7 Kasım 1967’deki kazanımdan bu yana, gençlik mücadelesi açısından gittikçe büyük bir geriye düşüş yaşanmıştır. Bundan ötürü 40’ı İstanbul’da olmak üzere, 76 tane özel üniversite bugün ülkemizde faal olarak bir ticarethane gibi işlemektedir. Okullarımız sadece sermaye düzeninin ekonomik saldırıları altında değil; sermaye düzeninin faşist çeteleriyle, holding şeyhleriyle de saldırı altındadır. Gençler işsizlikten, yoksulluktan, gericilikten ötürü intihar ederken, umutsuzluğa itilirken, bunların karşısına ise önümüze sadece sağcılardan sağcı beğeneceğimiz muhalefet liderleri konmaktadır.

Elbette hepimiz bunlara mahkûm olmadığımızın bilincinde olabiliriz. Peki, tüm bunların karşısına ne koyuyoruz? Gençlik mücadelesi tarihten bugüne neden böyle bir geriye düşüş yaşamıştır? Bireysel kurtuluş hülyalarımız, örgütsüzlük çözümlemelerimiz bizi kurtarır mı? En önemlisi nasıl bir ülke ve nasıl bir üniversite istiyoruz? gibi sorular karşısında vereceğimiz yanıt bizi bir adım daha ileriye götürecektir.

68 kuşağından verdiğimiz “Özel Okullar Devletleştirilsin!” yürüyüşü örneği veya 68 kuşağının genel hattının dikkat çekici noktası, örgütlü bir devrimci gençlik toplamı olmuştur. Türkiye’nin yakın tarihinde yankı uyandırmaları, kazanım sağlamalarının büyük bir yönü örgütlü hareket etmelerinden ileri gelmektedir. Bugün gençlik olarak geriye düşüşümüzün büyük bir sebebi de budur. Örgütsüz bir gençliğin yansımaları, örgütlü sermaye sınıfının partilerinin işine gelmiştir.

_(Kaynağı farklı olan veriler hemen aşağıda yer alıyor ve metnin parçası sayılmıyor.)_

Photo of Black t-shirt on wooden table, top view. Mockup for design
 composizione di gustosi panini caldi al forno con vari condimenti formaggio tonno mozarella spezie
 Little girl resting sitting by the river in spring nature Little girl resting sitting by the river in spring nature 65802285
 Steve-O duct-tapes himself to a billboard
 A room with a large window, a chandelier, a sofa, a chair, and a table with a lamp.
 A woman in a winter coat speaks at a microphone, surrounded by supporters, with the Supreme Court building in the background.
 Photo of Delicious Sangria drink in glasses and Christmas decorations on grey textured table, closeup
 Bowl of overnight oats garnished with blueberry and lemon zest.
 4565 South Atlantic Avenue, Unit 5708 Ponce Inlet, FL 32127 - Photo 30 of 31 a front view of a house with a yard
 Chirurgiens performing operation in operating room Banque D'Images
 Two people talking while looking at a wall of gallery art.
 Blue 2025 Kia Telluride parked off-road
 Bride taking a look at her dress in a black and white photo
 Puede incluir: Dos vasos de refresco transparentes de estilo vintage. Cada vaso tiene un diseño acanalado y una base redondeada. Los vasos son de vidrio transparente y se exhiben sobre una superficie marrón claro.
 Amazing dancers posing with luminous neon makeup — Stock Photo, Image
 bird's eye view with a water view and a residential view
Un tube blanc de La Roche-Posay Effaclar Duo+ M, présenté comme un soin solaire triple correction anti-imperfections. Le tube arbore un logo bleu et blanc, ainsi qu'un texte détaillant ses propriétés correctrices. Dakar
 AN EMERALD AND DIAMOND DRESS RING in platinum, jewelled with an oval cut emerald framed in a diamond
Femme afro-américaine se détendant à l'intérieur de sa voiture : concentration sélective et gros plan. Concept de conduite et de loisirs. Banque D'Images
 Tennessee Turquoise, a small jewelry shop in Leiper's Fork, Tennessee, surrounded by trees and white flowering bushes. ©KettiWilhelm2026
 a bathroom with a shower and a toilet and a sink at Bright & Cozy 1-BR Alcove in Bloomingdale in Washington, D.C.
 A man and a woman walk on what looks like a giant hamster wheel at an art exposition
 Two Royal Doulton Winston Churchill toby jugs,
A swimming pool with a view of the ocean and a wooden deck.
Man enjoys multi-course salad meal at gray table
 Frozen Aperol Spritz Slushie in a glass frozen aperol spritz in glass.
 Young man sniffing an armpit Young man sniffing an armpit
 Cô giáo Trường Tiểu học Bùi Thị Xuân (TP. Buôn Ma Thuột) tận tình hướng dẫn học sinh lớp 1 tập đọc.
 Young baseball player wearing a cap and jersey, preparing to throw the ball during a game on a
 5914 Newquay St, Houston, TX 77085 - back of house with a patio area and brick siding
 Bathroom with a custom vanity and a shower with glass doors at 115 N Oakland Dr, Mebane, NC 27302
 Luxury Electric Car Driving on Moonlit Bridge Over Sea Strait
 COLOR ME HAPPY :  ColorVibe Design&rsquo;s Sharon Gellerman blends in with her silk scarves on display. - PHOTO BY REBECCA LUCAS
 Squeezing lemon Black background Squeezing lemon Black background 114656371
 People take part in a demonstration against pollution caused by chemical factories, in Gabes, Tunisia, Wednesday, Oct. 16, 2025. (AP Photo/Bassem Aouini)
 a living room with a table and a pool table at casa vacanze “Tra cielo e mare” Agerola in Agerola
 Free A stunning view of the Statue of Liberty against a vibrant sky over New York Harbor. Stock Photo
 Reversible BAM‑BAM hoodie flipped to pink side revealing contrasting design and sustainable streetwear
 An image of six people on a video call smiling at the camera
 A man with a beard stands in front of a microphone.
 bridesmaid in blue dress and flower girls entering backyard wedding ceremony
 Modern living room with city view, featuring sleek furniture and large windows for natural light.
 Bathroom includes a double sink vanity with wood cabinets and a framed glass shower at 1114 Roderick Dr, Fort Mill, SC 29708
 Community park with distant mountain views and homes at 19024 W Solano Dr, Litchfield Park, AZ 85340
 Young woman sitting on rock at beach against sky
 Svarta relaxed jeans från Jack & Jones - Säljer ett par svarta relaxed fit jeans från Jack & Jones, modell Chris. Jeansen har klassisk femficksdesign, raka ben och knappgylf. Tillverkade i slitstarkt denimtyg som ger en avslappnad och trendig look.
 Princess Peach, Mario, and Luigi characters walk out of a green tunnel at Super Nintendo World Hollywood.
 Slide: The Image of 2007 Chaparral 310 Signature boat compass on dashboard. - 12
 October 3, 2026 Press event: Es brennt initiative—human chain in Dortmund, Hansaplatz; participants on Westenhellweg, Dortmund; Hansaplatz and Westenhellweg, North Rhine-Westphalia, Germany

Dolayısıyla ayağa kalkmanın vakti, 68 kuşağının “Özel Okullar Devletleştirilsin!” sloganını tekrardan yükseltmenin vakti gelmiştir. 55 yıl sonra üniversitelerimizin yeniden ticarethane olmadığını; müşteri değil, öğrenci olduğumuzu ve devrimci bir gençlik kuşağıyla yeni bir ülke, yeni bir üniversite mücadelesini yükseltmenin de vakti gelmiştir. Harun Karadenizlerden bugüne “özelleştirmelere karşı devletleştirme” “emperyalizme karşı bağımsızlık” “gericiliğe karşı laik, bilimsel eğitim” “sermayeye düzenine karşı sosyalizm” mücadelesi sürüyor. Bizim ise tek yapacağımız: onlardan aldığımız inançla yarınlarımızı şimdiden örmektir.